#### Exercise data:
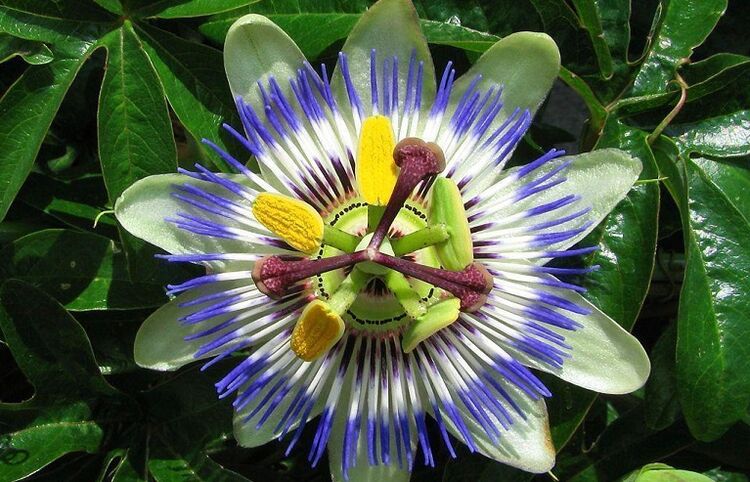 Το λουλούδι passionflower βοηθά στην καταπολέμηση των παρασίτων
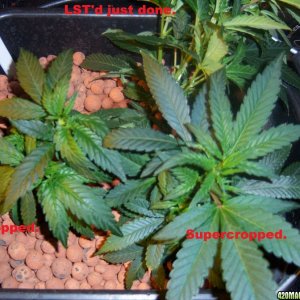 CFL test grow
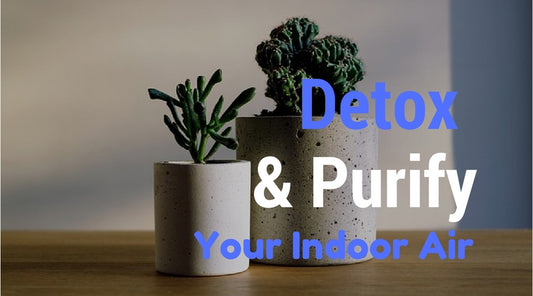 detox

#### Task brief:
Copy every line of the listing above exactly. Leave each picture out.

#### Written answer:
 Το λουλούδι passionflower βοηθά στην καταπολέμηση των παρασίτων
 CFL test grow
 detox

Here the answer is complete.